Where is it, they used to sneer at me, as Sir Peter Hendy and Transport for London began the necessarily lengthy process of procurement. When’s the bus due, eh? And when the first prototype finally turned up in 2011, the machine managed to conk out on the M1 (because someone had forgotten that a diesel hybrid still needs to be filled with diesel). The sceptics laughed their pants off.
So it gives me unbridled joy to inform you that the new bus will shortly arrive en masse. A whole gleaming fleet of them is about to take over Route 24, from Pimlico to Hampstead Heath; and in the next two years they will cease to be a curiosity – a rare species of charismatic megafauna that you might spot once in the course of a safari. They will be a glorious and regular addition to London’s streetscape, as famous and as emblematic as the elephants of the Serengeti, whose noble and domelike brows they faintly resemble.
When I went to Antrim last week, and saw dozens of them being made in the new Wrightbus plant, I felt a sense of awe, and the deep certainty that this was the most wonderful project I had ever been involved in. It has clean, green hybrid technology. If the new bus fulfils the promise it has shown in tests, we will be able to save so much on fuel that it will actually come out cheaper than our current hybrid buses. With 600 of them on the streets by 2016, they will make a significant reduction in nitrogen oxides and particulates, and will help us to improve air quality in the city.
The bus is a masterpiece of design, conceived by Thomas Heatherwick, the magician who created the Olympic cauldron. It helps to drive employment throughout the UK – unlike the wretched bendy buses, which were made in Germany. London’s buses are creating hundreds of jobs at the plants in Northern Ireland, but it does not stop there. The engines come from Darlington, the seats are made in Telford, the seat moquette in Huddersfield, the ramps are from Hoddesdon and the “Treadmaster” flooring from Liskeard. Oh, and the destination signs are from Manchester.

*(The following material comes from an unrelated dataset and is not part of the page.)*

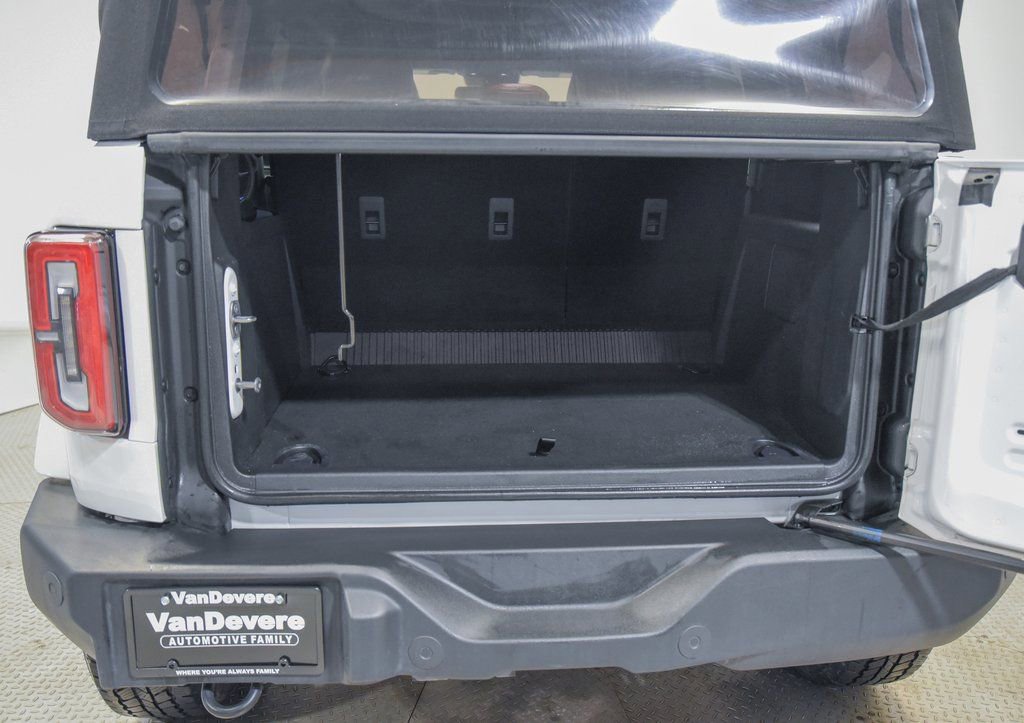 Used 2024 Ford Bronco Outer Banks image 14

It is the embodiment of the point I often make, that investment in London boosts the rest of the UK economy, directly and indirectly. We have stimulated the very best of British technology, creating jobs in this country, and yes, we are now looking to potential export markets.
All these features make the bus remarkable; but there is one more thing about it – the best thing of all. This bus stands for freedom, and choice, and personal responsibility. It not only fulfils a promise often made to Londoners by bringing back conductors; it restores to the streets of London the open platform at the rear – and in so doing, it restores the concept of a reasonable risk.
We all remember the pleasure of the old Routemasters. It wasn’t anything to do with the way their flanks heaved and throbbed like wounded old warhorses. It wasn’t the boggler-boggler-boggler noise or the fumes of diesel. It was the way you could sit on those banquette seats at the back, high over the wheel arches, and watch the road passing you outside. And if the bus got stuck in traffic, or at the lights, you knew that you weren’t a prisoner. You were allowed to get on and off at will, provided the thing wasn’t moving, and now that freedom and benefit will be restored.
Of course, you will have to be careful. You should look around to make sure there aren’t any motorbikes or cycles approaching. But if the road is clear and the traffic is stationary, and you want to hop off and do some shopping – or if you have missed the bus at the stop, and you want to scoot down the street to catch it up – then the option is there. You can hop on and hop off, like the hop-on hop-off hoplites who were trained to leap from moving chariots and then back on again.
Yes, of course there is a risk; but that risk is manageable; and without it you have no opportunity to ascend or escape the bus if you want to. It is, as far as I know, one of the few recent examples of a public policy that actually gives back, to sentient and responsible adults, the chance to take an extra risk in return for a specific reward.
We need to develop this thought, because I worry that in the post-crisis world, we have become all too paranoid, too risk-averse. Yes, the banks made grotesque errors, largely because they could not understand the risks they were taking. But unless we allow businesses and banks to take reasonable risks, they will never hit the jackpot at all.
Why is it that Britain hasn’t produced a giant like Google, or Facebook, or Amazon? It is because such a business, in the UK, would not have been given access to the capital required. We are more hostile to risk, and, indeed, we are more hostile to reward. If you go to San Francisco, where so many of these tech giants were born, you can see the most bizarre tram I have ever set eyes on. People hang from it like gibbons as it swoops and clangs through the streets. It would never be allowed in Europe. But the San Francisco authorities evidently believe that Americans are more robust – more willing to be free, more willing to make their own assessment of a reasonable risk.
If you look at the state of the eurozone, and you compare it with the US economy, you can see the possible advantages of this approach. And that is the point of the hop-on hop-off platform. In restoring a culture of reasonable risk-taking, it is a platform for growth.